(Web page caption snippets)

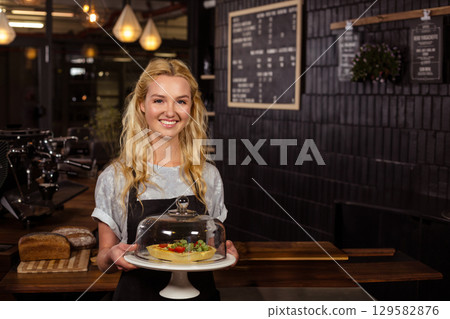 Female barista wearing apron standing behind espresso machine at cafe holding tart under glass dome Female barista wearing apron standing behind espresso machine at cafe holding tart under glass dome 129582876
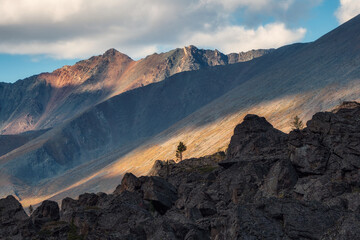 Dark contrasting mountains at sunset. Evening mountain landscape with rock in golden sunlight....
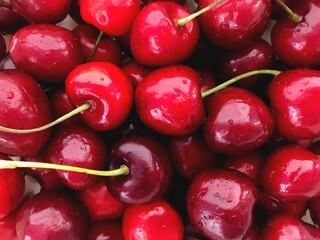 Stock photo of ripe juicy cherries in bright wine color. Macro photography of fresh tasty berry, top view of a whole basket of sour and sweet berries, fruits for background, design, patterns, print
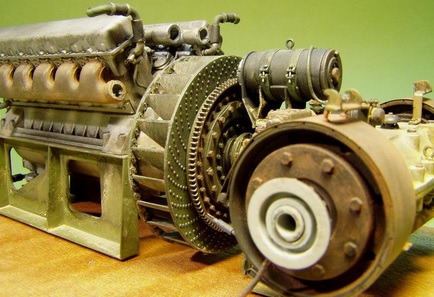 From left to right, the V-2-34 diesel engine, the clutch, and the transmission. The black “barrel” is the engine’s starter motor.)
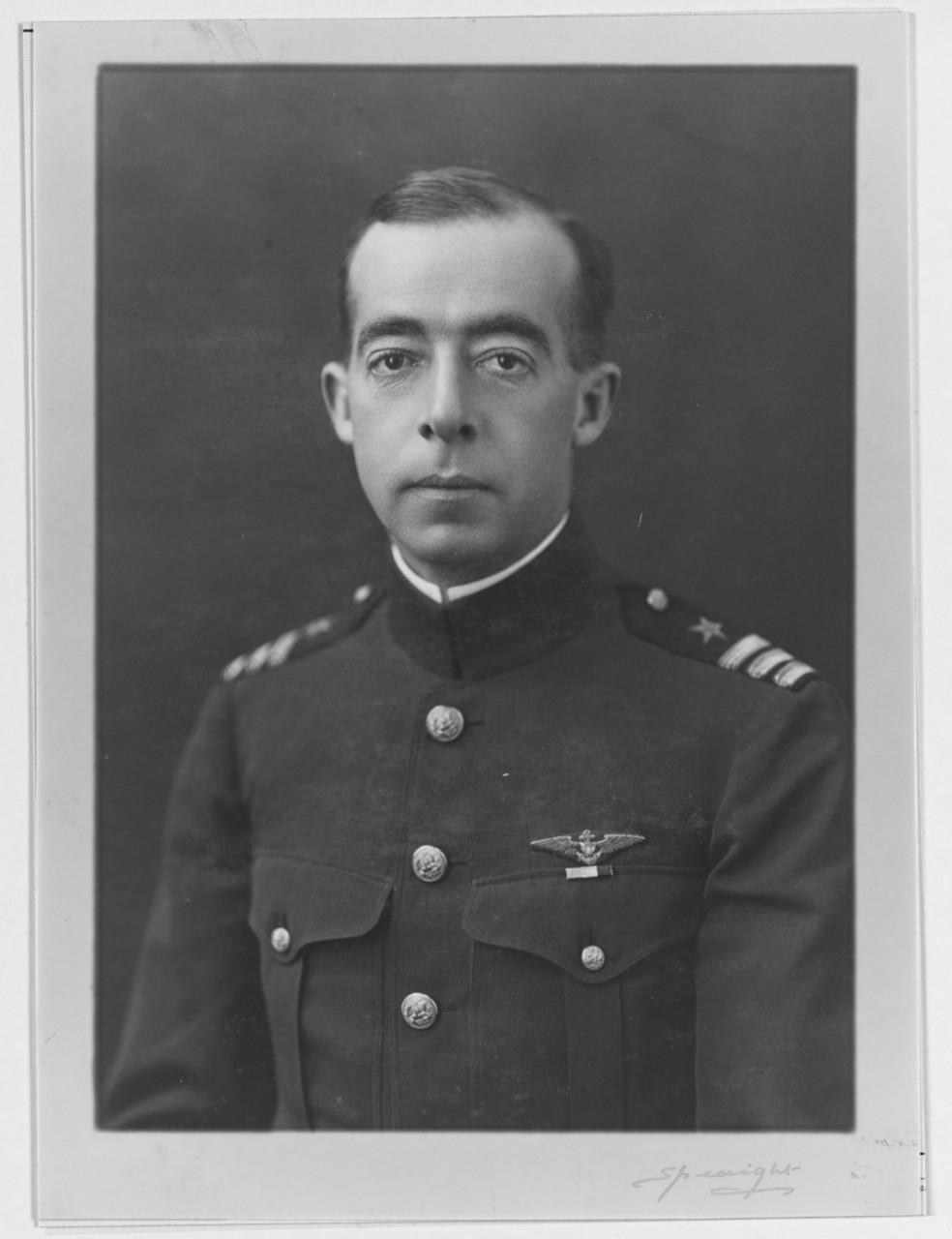 Commander L.H. Maxwell, USN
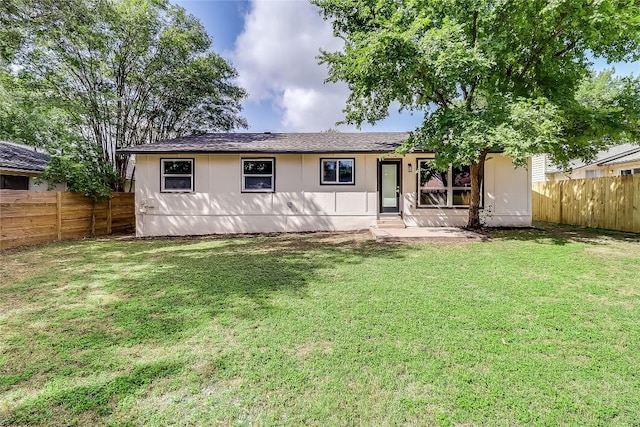 2402 Broken Oak Dr, Austin, TX 78745 - back of property with a fenced backyard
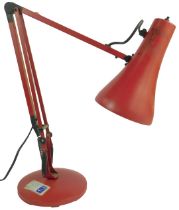 An Anglepoise type lamp, in red, 84cm high.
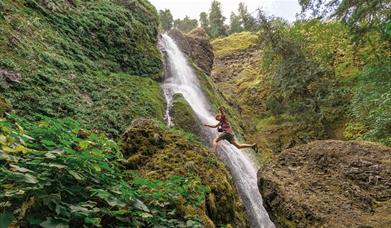Green landscape with a waterfall in the middle and a man jumping from a rock to a ledge.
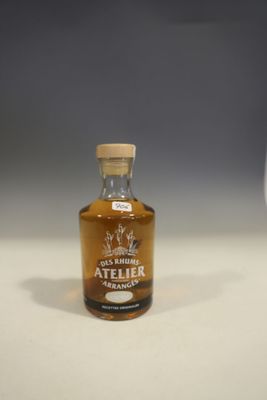 a bottle of alcohol sitting on a table next to a glass of wine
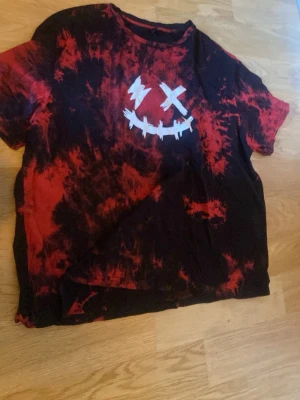 Röd och svart tie-dye t-shirt - Cool t-shirt med röd och svart tie-dye effekt och ett vitt smileytryck med korsade ögon på bröstet. Klassisk passform och korta ärmar, perfekt för dig som gillar streetwear och vill sticka ut lite extra.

# WORK INSTRUCTIONS
Leave out the pictures and reproduce the rest of the records exactly.

# TASK RESULT
 Female barista wearing apron standing behind espresso machine at cafe holding tart under glass dome Female barista wearing apron standing behind espresso machine at cafe holding tart under glass dome 129582876
 Dark contrasting mountains at sunset. Evening mountain landscape with rock in golden sunlight....
 Stock photo of ripe juicy cherries in bright wine color. Macro photography of fresh tasty berry, top view of a whole basket of sour and sweet berries, fruits for background, design, patterns, print
 From left to right, the V-2-34 diesel engine, the clutch, and the transmission. The black “barrel” is the engine’s starter motor.)
 Commander L.H. Maxwell, USN
 2402 Broken Oak Dr, Austin, TX 78745 - back of property with a fenced backyard
 An Anglepoise type lamp, in red, 84cm high.
Green landscape with a waterfall in the middle and a man jumping from a rock to a ledge.
 a bottle of alcohol sitting on a table next to a glass of wine
 Röd och svart tie-dye t-shirt - Cool t-shirt med röd och svart tie-dye effekt och ett vitt smileytryck med korsade ögon på bröstet. Klassisk passform och korta ärmar, perfekt för dig som gillar streetwear och vill sticka ut lite extra.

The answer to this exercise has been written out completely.